Source material
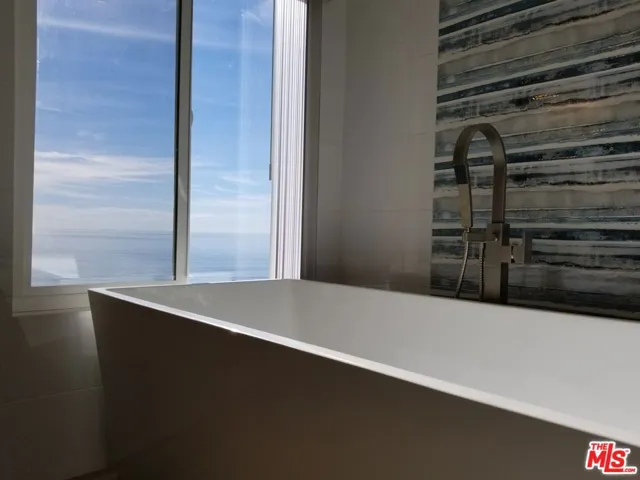 18055 Coastline Drive 2, Malibu, California 90265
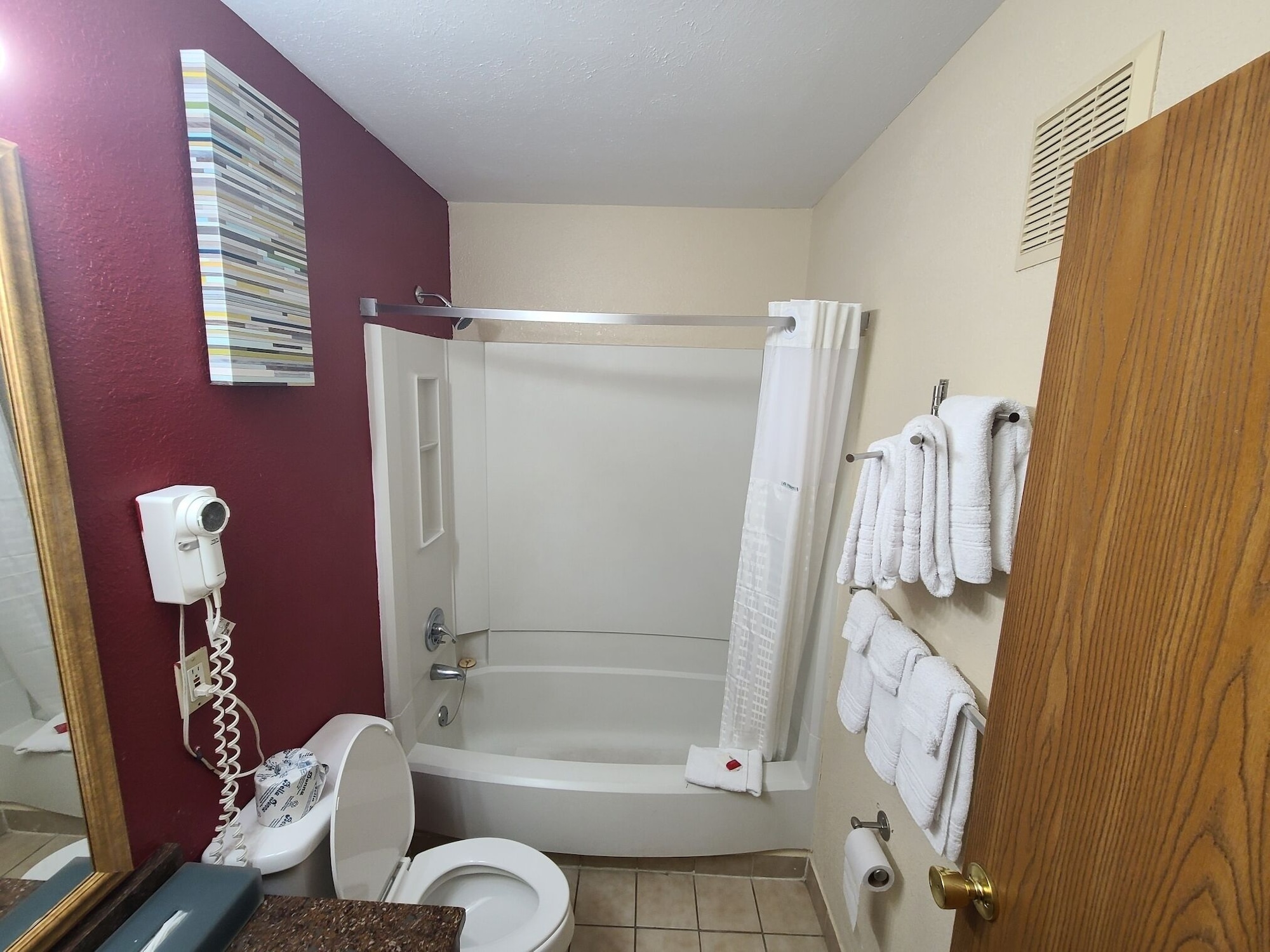 غرفة بسريرين مزدوجين يُسمح فيها بالحيوانات الأليفة لذوي الإعاقة، Baymont by Wyndham Perrysburg/Toledo 9/9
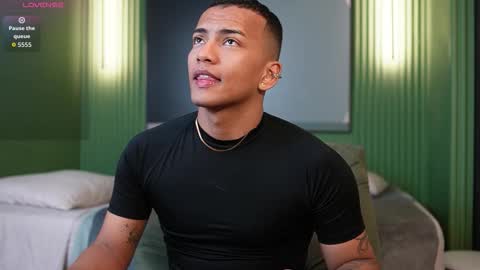 Snapshot of rafa_cruz chatting on 11.11.25 rafa_cruz online show from 11.11.25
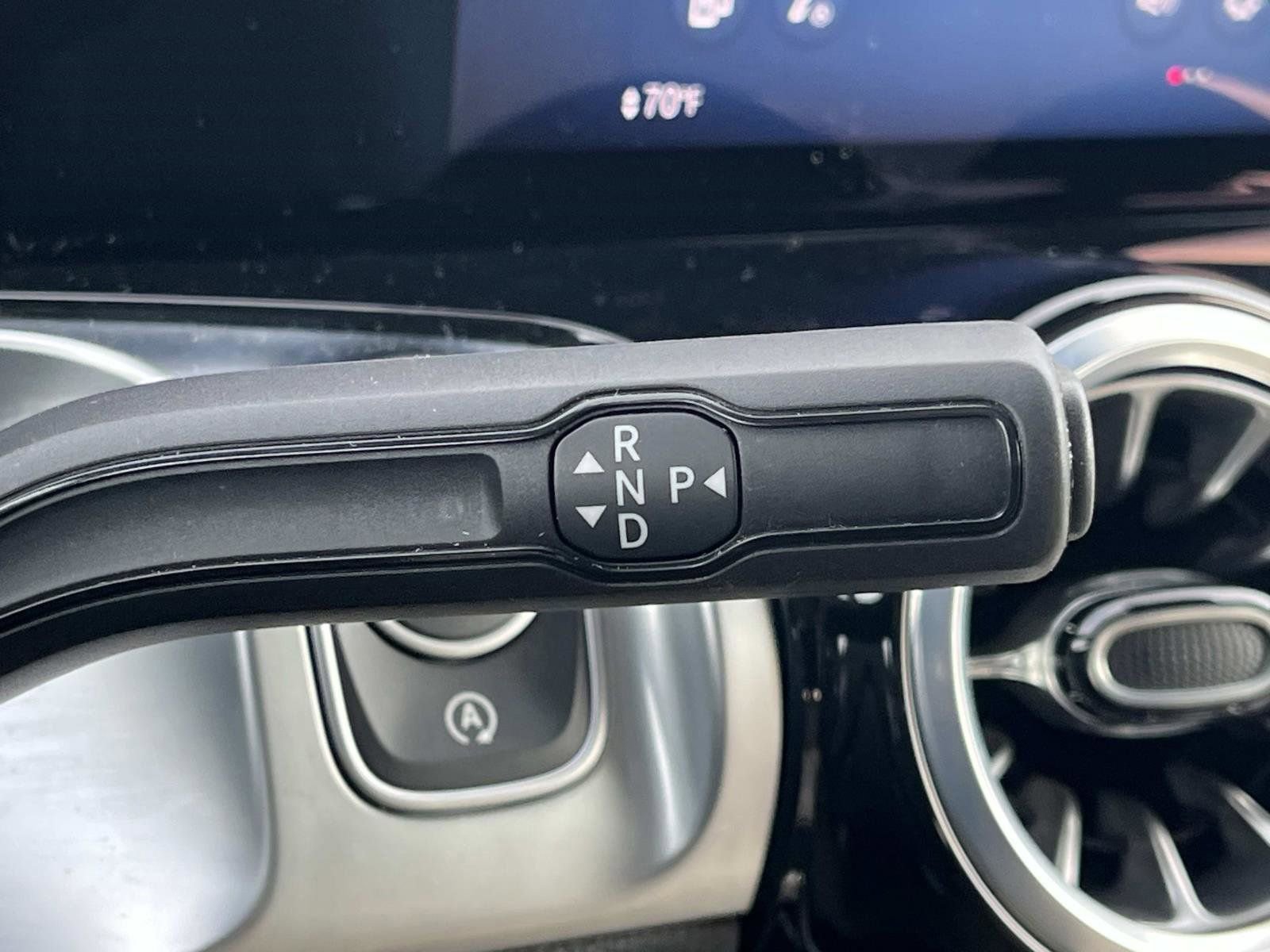 Certified 2025 Mercedes-Benz GLB 250 image 34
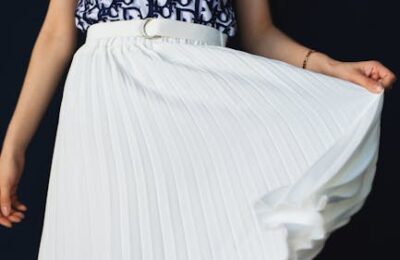 Spódnica midi shiraz — styl quiet luxury na wiosnę 2026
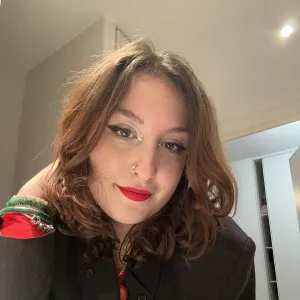 Solyne - Prof de français - Bron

Exercise instructions
Set down word for word the lines from the first entry through the line with "Certified 2025 Mercedes-Benz", both included, omitting pictures.

Solution for this problem
 18055 Coastline Drive 2, Malibu, California 90265
 غرفة بسريرين مزدوجين يُسمح فيها بالحيوانات الأليفة لذوي الإعاقة، Baymont by Wyndham Perrysburg/Toledo 9/9
 Snapshot of rafa_cruz chatting on 11.11.25 rafa_cruz online show from 11.11.25
 Certified 2025 Mercedes-Benz GLB 250 image 34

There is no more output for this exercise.